International Continental Scientific Drilling Program
- Abbreviation: ICDP
- Formation: 1996
- Type: INGO
- Headquarters: Potsdam Germany
- Region served: Worldwide
- Official language: English
- Parent organization: GFZ German Research Centre for Geosciences
- Website: ICDP Official website

= International Continental Scientific Drilling Program =

Multinational program in the field geoscience

The International Continental Scientific Drilling Program is a multinational program to further and fund geosciences in the field of continental scientific drilling. Scientific drilling is a critical tool in understanding of Earth processes and structure. It provides direct insight into Earth processes and critically tests geological models. Results obtained from drilling projects at critical sites can be applied to other areas worldwide. It is, therefore, believed that international cooperation in continental scientific drilling is an essential component for a responsible management strategy for the Earth's natural resources and environment.

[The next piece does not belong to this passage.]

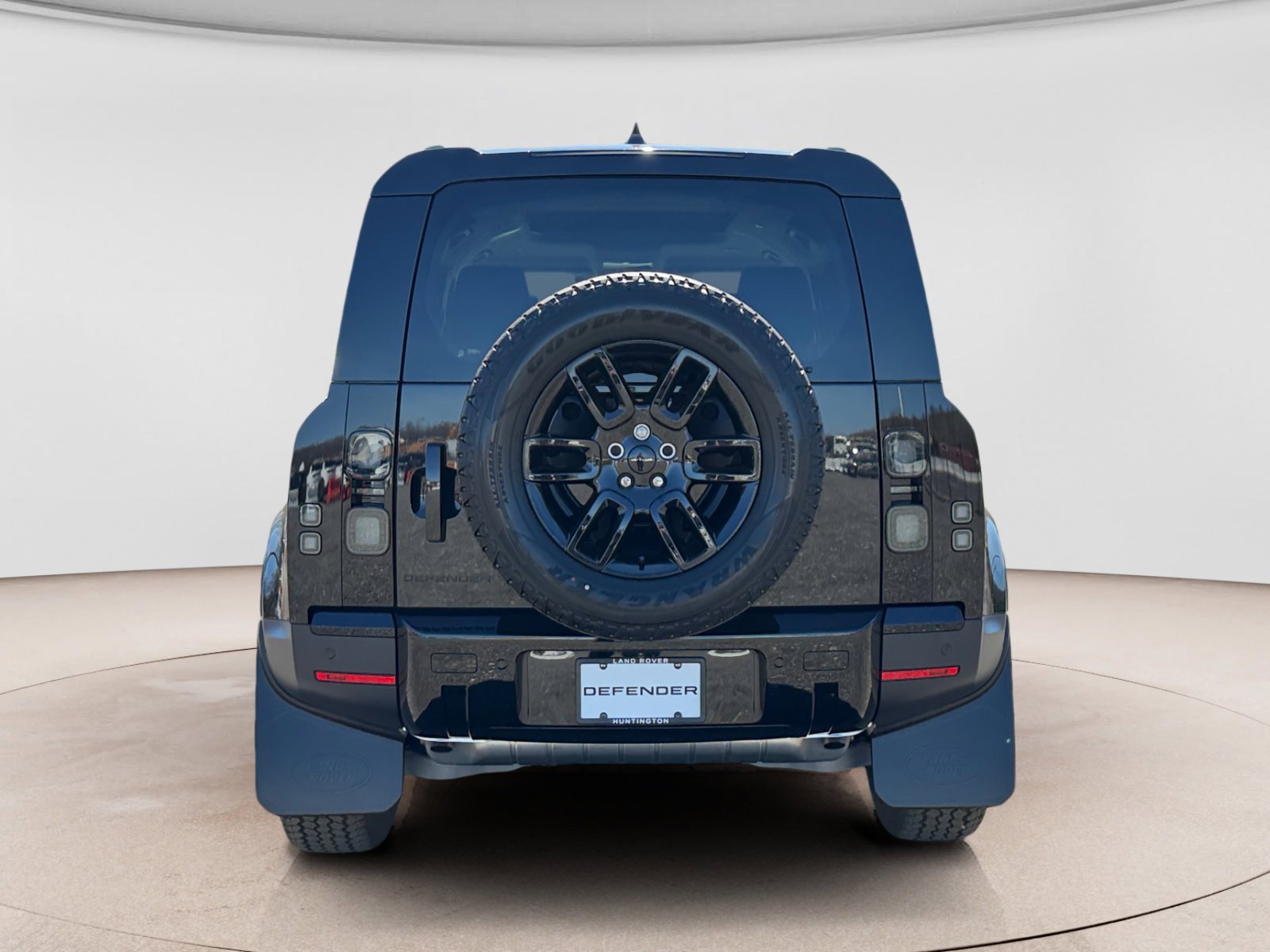 New 2026 Land Rover Defender 110 S AWD/4WD image 4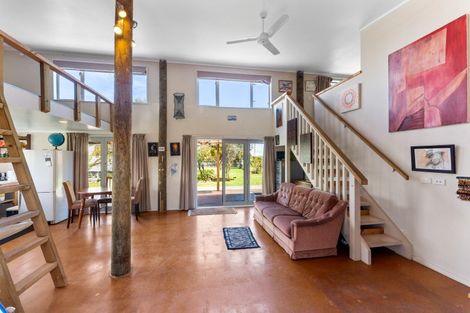 Photo of property in 22 Kiharoa Street, Otaki Beach, Otaki, 5512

The ICDP was founded in February 1996 in the German Embassy in Tokyo as a result of the German Continental Deep Drilling Program (KTB; 1987-1995). The GFZ German Research Centre for Geosciences serves as the headquarters for both the current ICDP and the former KTB project.

== Motivation ==
ICDP supports international science teams with a proven need for continental-based drilling. The proposed projects help to answer societal challenges related to dynamics of planet Earth, contributing to major advances in understanding Earth's environment and life, sustainable geo- and energy resources, as well as safeguarding from natural disasters.

== Research Areas ==
=== Climate & Ecosystems ===
ICDP proposals seek to help understand how both the climate and the environment have changed on global and regional scales. Areas of research within this theme include paleoclimate studies investigating the manner in which Earth's past climate has changed, the reasons for such changes, as well as the role of environmental forcing in human evolution, for example in the Eastern Rift Valley of Africa. Other ICDP proposals focus on the effects of volcanism and major impacts on climate and mass extinctions. Deep biosphere research has also become an important component of drilling projects to help get a better understanding of evolution and extent of life on Earth. Other proponents of deep-life that coincide with ICDP goals include addressing metabolic rates, carbon cycling, and energy sources of subsurface microbial activity, how microbial life has adapted to the more extreme conditions of subsurface habitats, and the role of the deep biosphere on the geosphere and atmosphere.

=== Sustainable Georesources ===
There is a rise in demand for renewable and clean energy resources to reduce dependence on fossil fuels. Knowing the composition, structure and evolution of Earth's crust can help to understand how best to manage and use Earth's resources and environment. Research is needed in this area to determine sustainable practices in exploring and exploiting natural resources. ICDP undertakes a variety of scientific drilling projects to study the origin of mineral resources and to discover new unconventional resources such as gas hydrates and geothermal energy.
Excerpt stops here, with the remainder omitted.